Description of the task: In the entries below, find the line with "Christmas Decoration - Dewdrop" and the line with "Doom Slayer in". Reproduce those two lines and every line between them exactly, and nothing more.

------ Data section ------

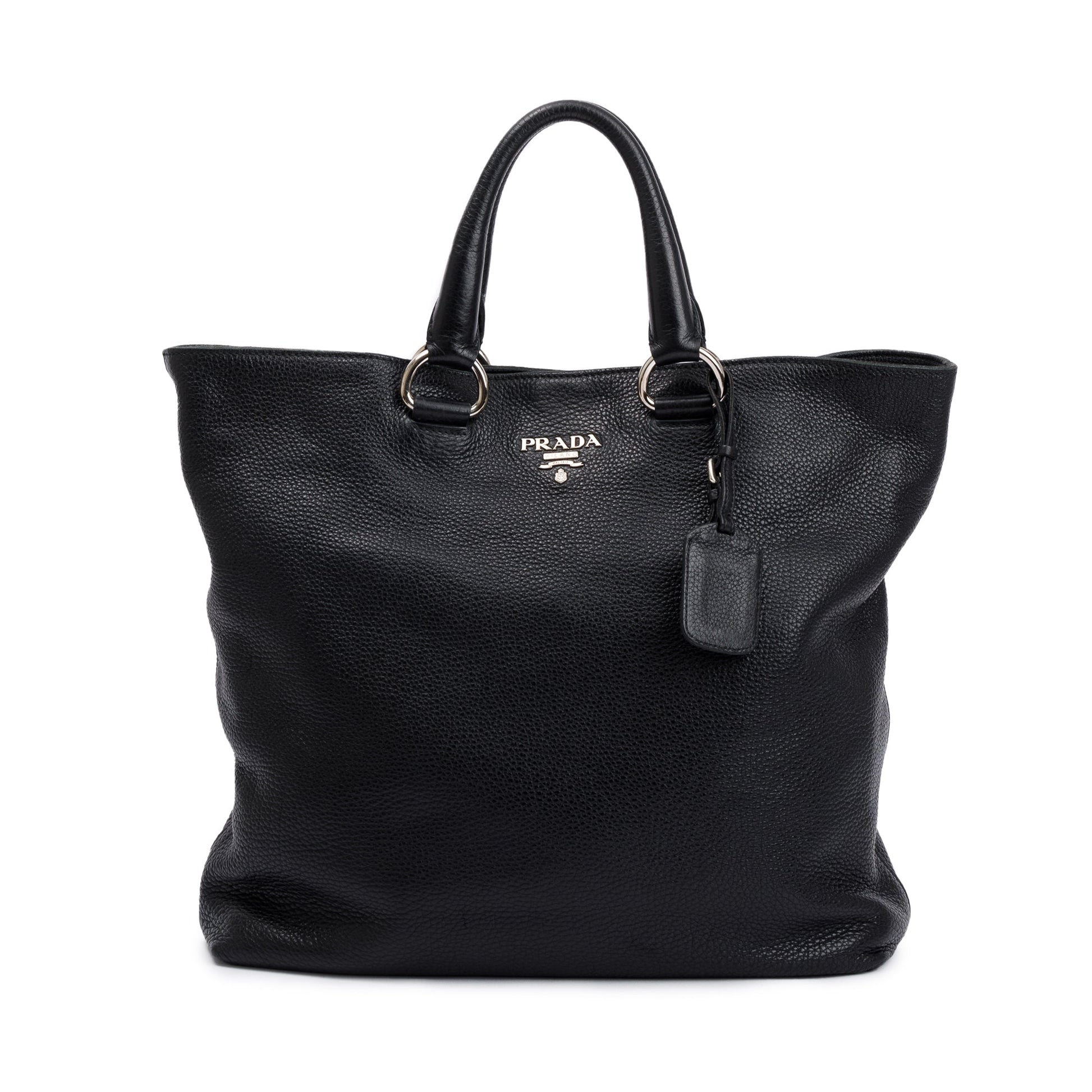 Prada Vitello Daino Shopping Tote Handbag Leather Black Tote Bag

------
------ Data section ------

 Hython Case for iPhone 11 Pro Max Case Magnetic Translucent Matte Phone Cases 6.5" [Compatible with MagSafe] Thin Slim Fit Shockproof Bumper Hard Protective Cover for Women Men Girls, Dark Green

------
------ Data section ------

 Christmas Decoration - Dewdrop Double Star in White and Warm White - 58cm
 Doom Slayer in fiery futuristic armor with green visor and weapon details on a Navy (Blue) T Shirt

------

Output below:
 Christmas Decoration - Dewdrop Double Star in White and Warm White - 58cm
 Doom Slayer in fiery futuristic armor with green visor and weapon details on a Navy (Blue) T Shirt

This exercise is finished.